SUArt's series of events features guest speakers and print sellers Susan Teller Gallery, Dolan Maxwell, The Annex Galleries, The Old Print Shop and Thomas French Fine Art. 

SYMPOSIUM DISCUSSIONS at Shemin Auditorium at Shaffer Art Building:
Friday, September 23, 10:00 a.m. to 1:00 p.m.
Saturday, September 24, 10:00 a.m. to 1:00 p.m. 
Presenters include:  Domenic Iacono (Director, SUArt Galleries), Joann Moser (Smithsonian Museum), Christina Weyl (Freelance Curator), Andrew Raffery (RISD Professor)
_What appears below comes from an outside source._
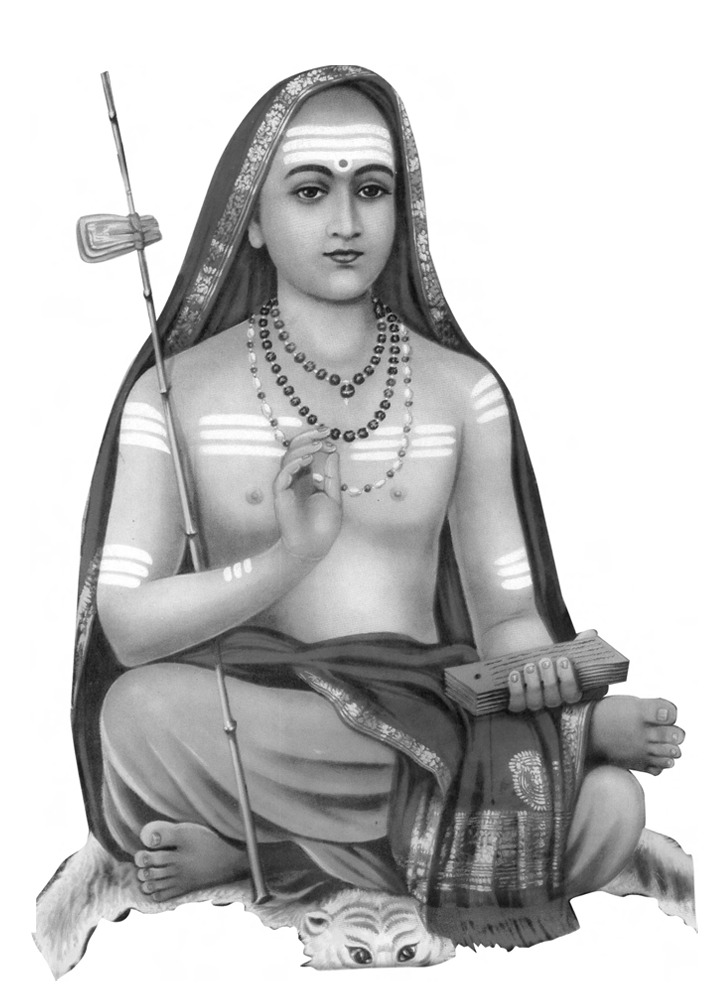 శంకర జయంతి...  భారతీయ వైజయంతి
PRINT FAIR HOURS at Shaffer Art Building Galleria:
Friday, September 23, Noon to 6:00 p.m.
Saturday, September 24, Noon to 6:00 p.m.
Sunday, September 25, Noon to 4:00 p.m. 
Presenters include: Susan Teller Gallery (NYC), Annex Galleries (San Jose, CA), Old Print Shop (NYC), Dolan Maxwell (Phila, PA), Thomas French Gallery (Akron,OH)


ONGOING (through May 2017)...

On display in SUArt Galleries' Print and Photo Galleries are two exhibitions that explore the 2016-17 Syracuse Symposium theme of "Place." Wanderlust: Travel Photography from the Syracuse University Art Collection investigates how artists from the late 19th century until today have been captivated by the potential of landscape images and its ability to transport our imagination whether the locale be exotic or not. Curated by exhibition and collection manager Emily Dittman, this display brings together historic albumen prints, travel albums, and contemporary black and white and color images from a variety of photographers working in the photographic medium over the past 120 years.
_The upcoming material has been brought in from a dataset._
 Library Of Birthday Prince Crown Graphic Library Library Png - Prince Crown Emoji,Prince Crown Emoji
21 Etchings and Poems, a landmark publication that had a profound impact on contemporary art and culture, will be presented in its entirety in the Print Study Room. Curated by College of Visual and Performing Arts, Museum Studies graduate student Courtney Spencer Eppel, this exhibition presents twenty-one paired artists and authors to create unique works of art. The partnerships for this project included well-known artists and poets Peter Grippe and Dylan Thomas, Willem de Kooning and Harold Rosenberg, Letterio Calapai and William Carlos Williams, and Franz Kine and Frank O’Hara, among others. Many of the artist represented in this portfolio are also represented in the main gallery special exhibition About Prints: The Legacy of Stanley William Hayter and Atelier 17.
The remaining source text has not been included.